■ Exercise ■
Which lines run from the one containing "Dolce & Gabbana" through the end of the material? Reproduce them exactly.

■ Data to use ■

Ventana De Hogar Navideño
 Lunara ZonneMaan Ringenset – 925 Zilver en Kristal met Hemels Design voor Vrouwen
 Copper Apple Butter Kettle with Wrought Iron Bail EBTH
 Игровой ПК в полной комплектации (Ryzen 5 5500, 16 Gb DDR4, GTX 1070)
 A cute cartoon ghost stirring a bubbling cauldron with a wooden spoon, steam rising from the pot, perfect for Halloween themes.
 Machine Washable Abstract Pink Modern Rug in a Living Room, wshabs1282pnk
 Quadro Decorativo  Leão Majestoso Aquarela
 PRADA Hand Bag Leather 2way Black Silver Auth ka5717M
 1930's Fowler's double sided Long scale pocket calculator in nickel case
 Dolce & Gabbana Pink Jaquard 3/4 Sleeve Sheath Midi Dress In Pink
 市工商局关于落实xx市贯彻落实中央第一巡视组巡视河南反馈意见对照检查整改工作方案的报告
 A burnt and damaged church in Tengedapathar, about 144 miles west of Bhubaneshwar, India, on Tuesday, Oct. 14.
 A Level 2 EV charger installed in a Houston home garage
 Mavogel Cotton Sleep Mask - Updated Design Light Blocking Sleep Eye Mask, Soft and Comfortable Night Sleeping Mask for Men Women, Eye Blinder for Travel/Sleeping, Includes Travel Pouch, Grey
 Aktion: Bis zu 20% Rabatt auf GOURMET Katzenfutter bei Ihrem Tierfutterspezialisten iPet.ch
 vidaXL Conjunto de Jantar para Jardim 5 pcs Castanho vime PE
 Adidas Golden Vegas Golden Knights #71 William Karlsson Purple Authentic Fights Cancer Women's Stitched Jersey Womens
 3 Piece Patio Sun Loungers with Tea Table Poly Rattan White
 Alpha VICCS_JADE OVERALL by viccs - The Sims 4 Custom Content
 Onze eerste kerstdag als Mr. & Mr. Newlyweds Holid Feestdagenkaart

■ Solved exercise ■
 Dolce & Gabbana Pink Jaquard 3/4 Sleeve Sheath Midi Dress In Pink
 市工商局关于落实xx市贯彻落实中央第一巡视组巡视河南反馈意见对照检查整改工作方案的报告
 A burnt and damaged church in Tengedapathar, about 144 miles west of Bhubaneshwar, India, on Tuesday, Oct. 14.
 A Level 2 EV charger installed in a Houston home garage
 Mavogel Cotton Sleep Mask - Updated Design Light Blocking Sleep Eye Mask, Soft and Comfortable Night Sleeping Mask for Men Women, Eye Blinder for Travel/Sleeping, Includes Travel Pouch, Grey
 Aktion: Bis zu 20% Rabatt auf GOURMET Katzenfutter bei Ihrem Tierfutterspezialisten iPet.ch
 vidaXL Conjunto de Jantar para Jardim 5 pcs Castanho vime PE
 Adidas Golden Vegas Golden Knights #71 William Karlsson Purple Authentic Fights Cancer Women's Stitched Jersey Womens
 3 Piece Patio Sun Loungers with Tea Table Poly Rattan White
 Alpha VICCS_JADE OVERALL by viccs - The Sims 4 Custom Content
 Onze eerste kerstdag als Mr. & Mr. Newlyweds Holid Feestdagenkaart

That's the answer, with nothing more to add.